Predicting the Future

Predicting the future is always difficult. Just look at the various predictions that educated people have made in the past about what our lives would be like in the 21st century. Paul Milo has even written a book with the title: Your Flying Car Awaits. His book is full of inaccurate predictions about what our world today would be like.

These prognosticators believed we would live in a world of robot butlers, flying cars, lunar vacations, and predictable weather. Some of these predictions were reinforced by TV shows like The Six Million Dollar Man or cartoons like the Jetsons.
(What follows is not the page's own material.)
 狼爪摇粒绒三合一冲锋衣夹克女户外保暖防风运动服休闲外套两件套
We don’t have bionic bodies, though there has been significant progress in producing artificial limbs.

Our homes have computers, hi-tech TV screens, and microwave ovens. But they don’t have any robots making our lives easier. And we don’t have cities underground or under water.
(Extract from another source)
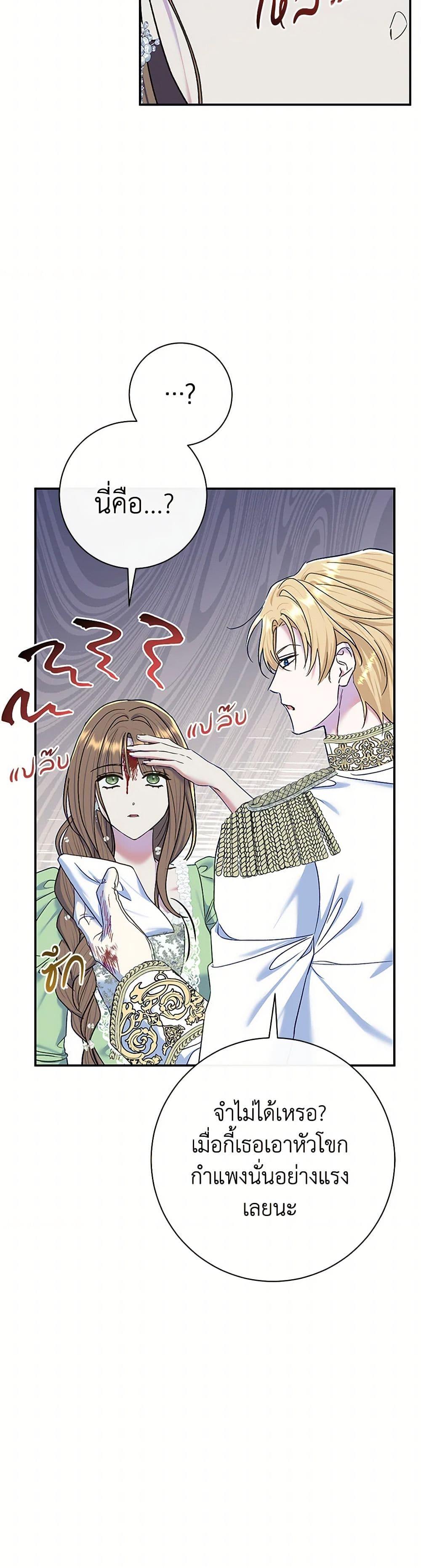 The Villain’s Match Is Too Perfect ตอนที่ 70 14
We might also be glad that we don’t have eugenics, baby farms, and Big Brother controlling behavior and even controlling our minds. Many of these dystopic visions have fortunately not come to pass.
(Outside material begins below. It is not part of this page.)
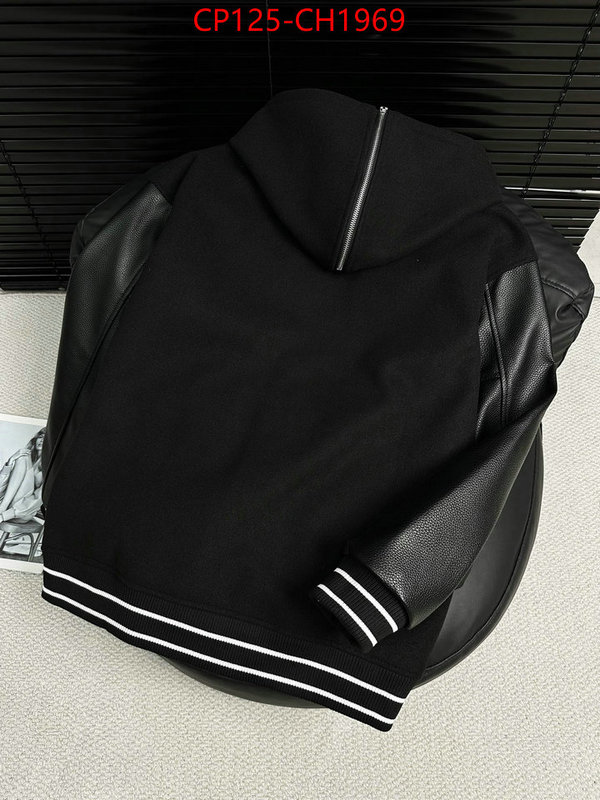 7 star quality designer replica ID: CH1969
Predictions that have been remarkably accurate were the ones Issac Asimov wrote about in 1964. Much of what he wrote fifty years ago has stood the test of time. He predicted that electroluminescent panels would be in common use. We see these everywhere today as retail signs and lighting.

He predicted that “communications will become sight-sound and you will see as well as hear the person you telephone.” Skype, FaceTime, and Google Hangout are all examples of this in our world.

He also predicted that “the screen can be used not only to see the people you call but also for studying documents and photographs and reading passages from books.” Our smart phones, tablets, and laptop computers allow us to do this every day.

All of this is to say that it is very difficult to predict the future. For every futurist (like Isaac Asimov) that got it right, there are hundreds that got it wrong. You can literally fill whole books with all the inaccurate predictions.